Stage five is all about the attitude. Having a positive attitude, particularly about something that so many people are sympathetic to and ready to give you an “out” for being bitchy, does go a bit against the grain. But it works!! DON’T feel sorry for yourself. DON’T complain. DON’T go all prima donna because you are the one “going through it.” Give love out. This really came into focus for me with my fourth and final birth. I was never a complainer (well, maybe a little), but in the previous births, I was so internalized and self-focused that I missed out on how much fun I and everyone else could be having. In hindsight, however, maybe screaming at my husband with no consequences would have been rather fun…
Stage six isn’t really a stage. It’s luck. Yup…no matter what you do in advance, during and after, so much still seems to be left to luck. I was very, very lucky in my births. That doesn’t mean that everything was easy, painless and “perfect,” before, during and after, but they were all positive, affirming experiences and for that I am always and eternally grateful for that luck, Thank God.
I am writing this before the exam. I don’t know yet whether I will pass or fail, but the beauty of this process is the acceptance of the outcome, before you receive it. As much as I want to pass, there is a part of me that thinks the greatest lesson would be in a failure. We cannot know in advance how our decisions in life, our successes and our failures truly impact the next stage and phase until we are in retrospect.

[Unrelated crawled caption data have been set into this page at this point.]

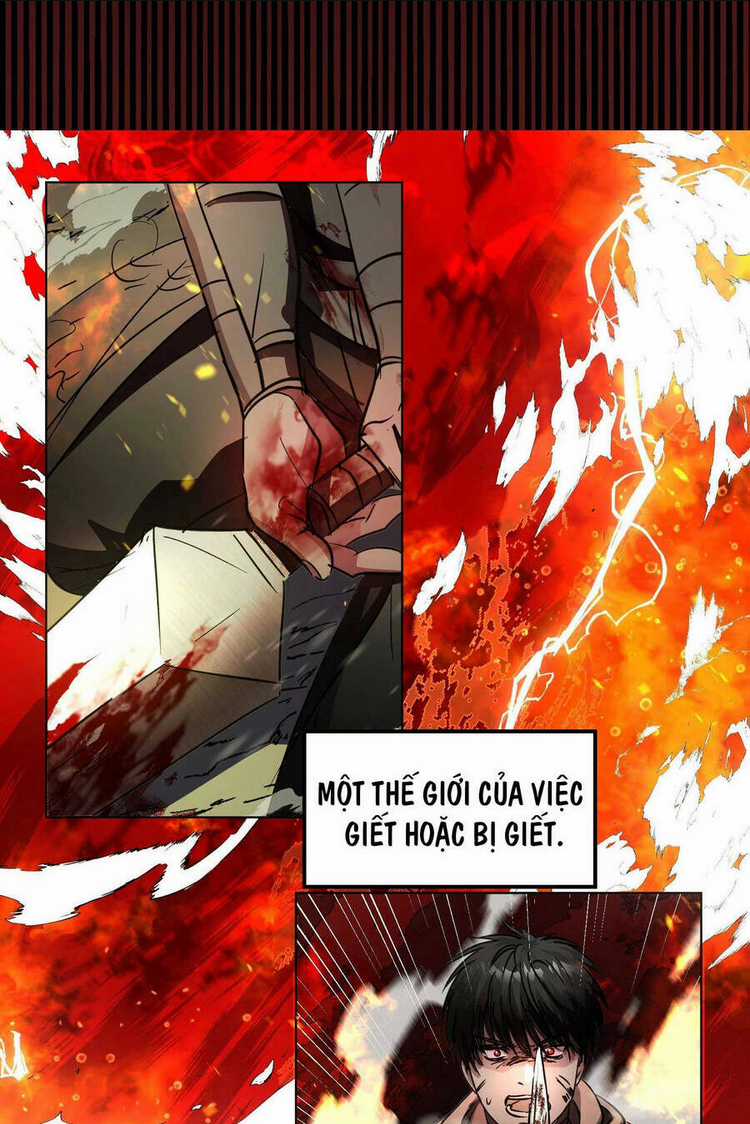 Thiết Huyết Chiêu Hồn Sư Chapter 1 trang 6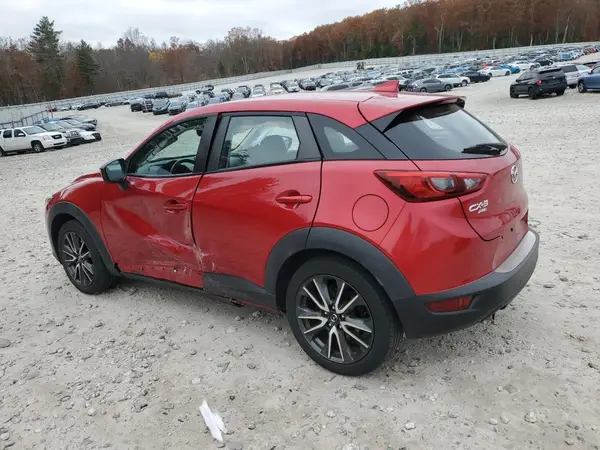 JM1DKFC73H0141888 2017 MAZDA CX-3 - Image 2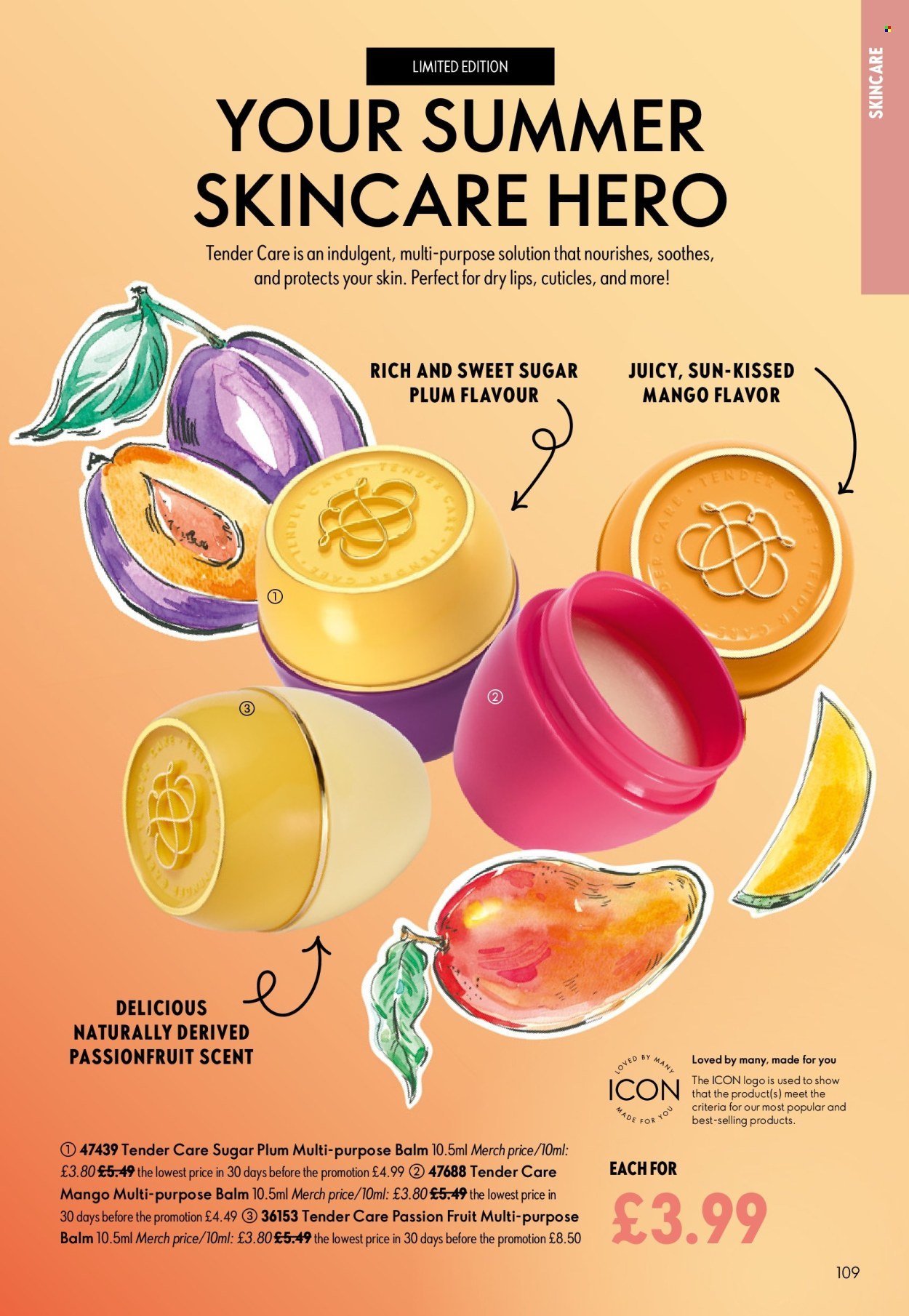 ORIFLAME offer - eCatalogue 09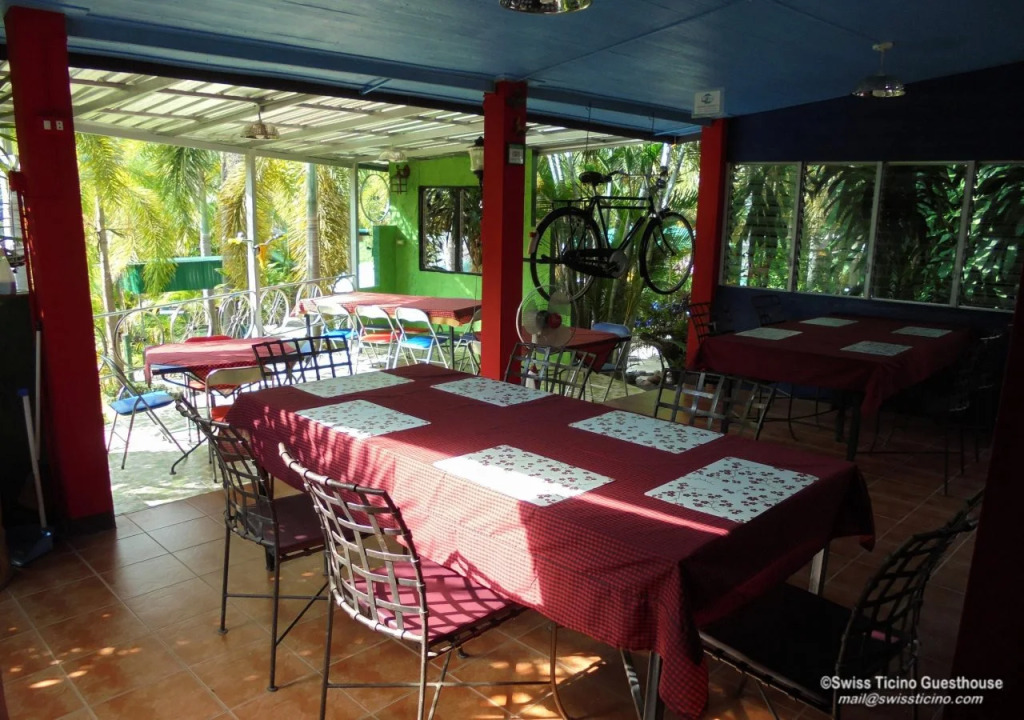 Swiss Ticino Guesthouse & Restaurant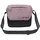 Vaude Rom S III - Umhängetasche black/purple ash,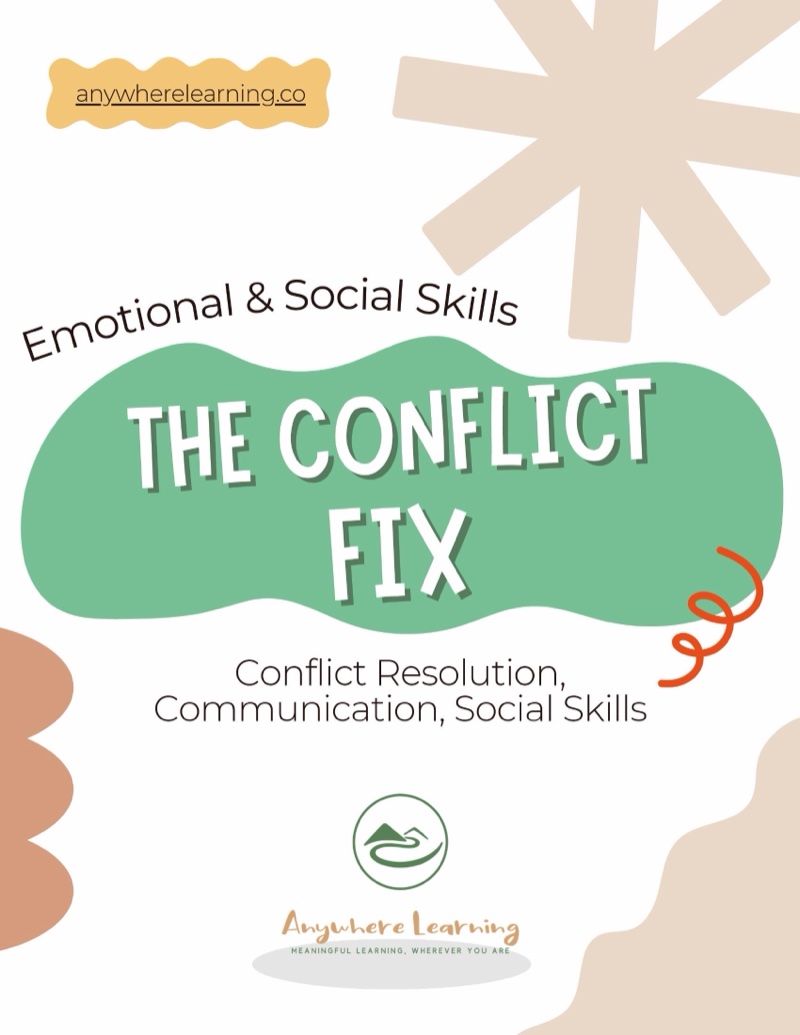 The Conflict Fix cover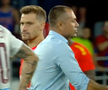 Adrian Ilie a dat startul meciului la revenirea FCSB în Ghencea » „Cobra”, aplauze la scenă deschisă!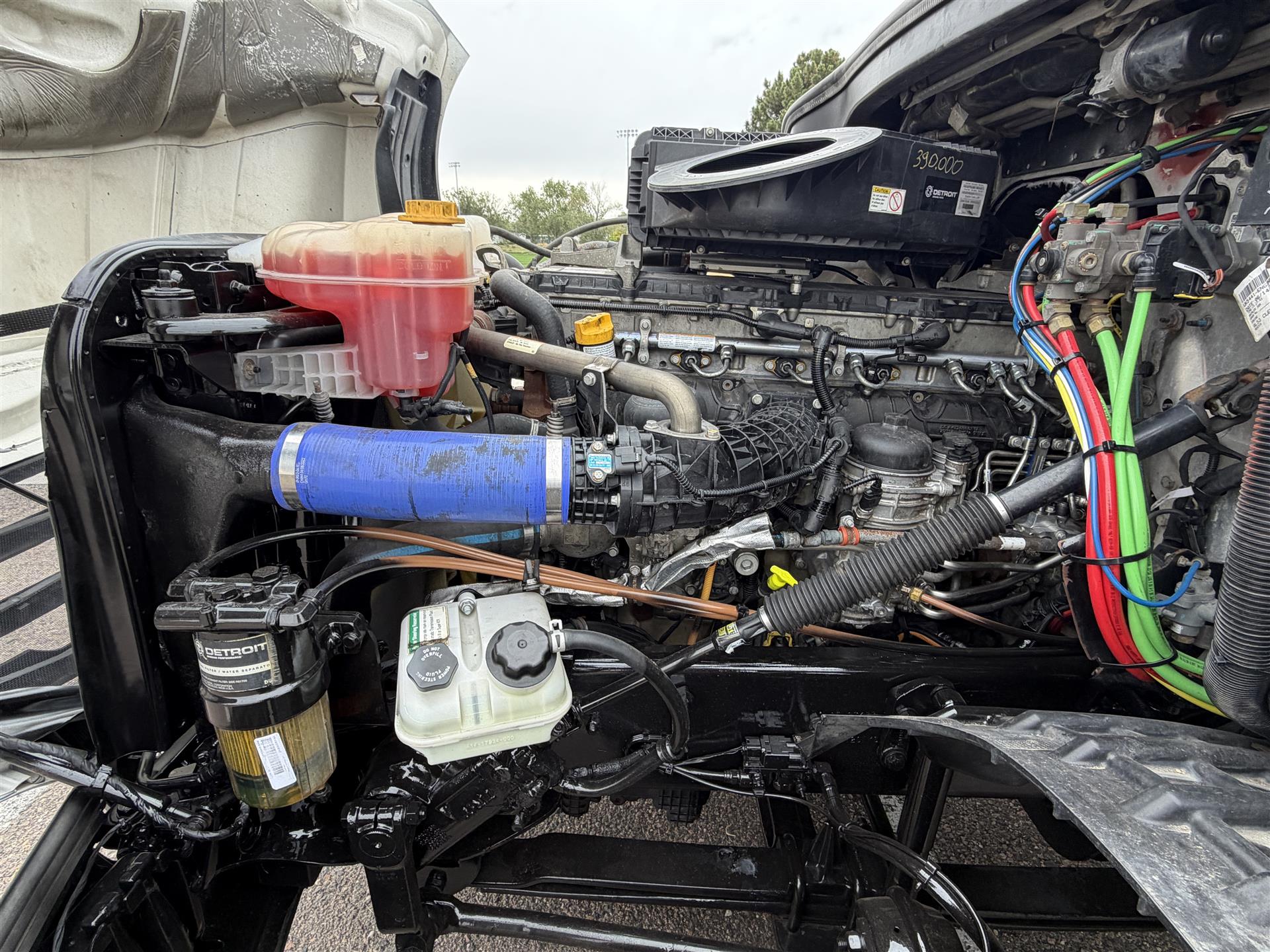 2023 FREIGHTLINER CASCADIA 126 stock CO11784, photo 11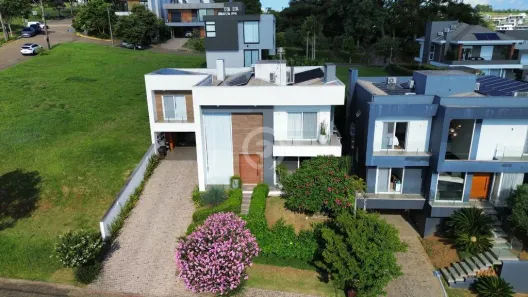 Casa de Condomínio com 4 Quartos à venda, 270m² no Encosta do Sol, Estância Velha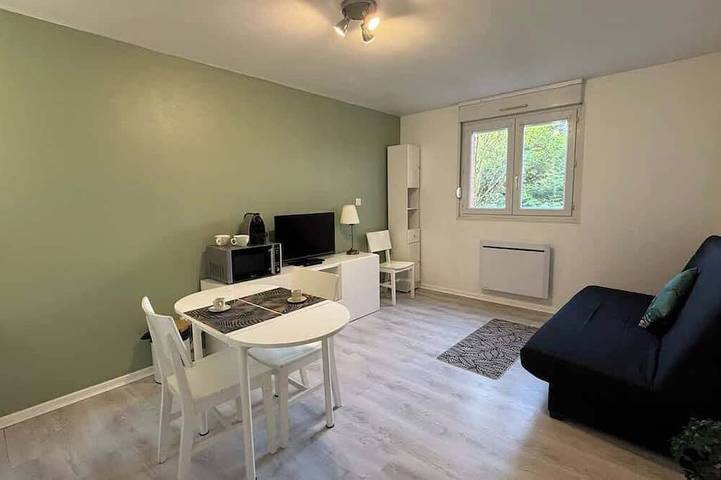 Appartement de vacances pour 2 personnes à Arras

My wish for us all is to experience and enjoy our individual and collective transitions. I have had the pleasure to witness so many transitions lately, with amazing new life experiences, from dark and difficult spots, to new places of space and light. May we draw from each others emerging from hibernation, whether it occurs with the change of the seasons, or in its own time, and support one another through all the stages and ages of life.
*Ina May Gaskin, Spiritual Midwifery and Ina May’s Guide to Childbirth
Updated to add: I passed the assessment in April 2017!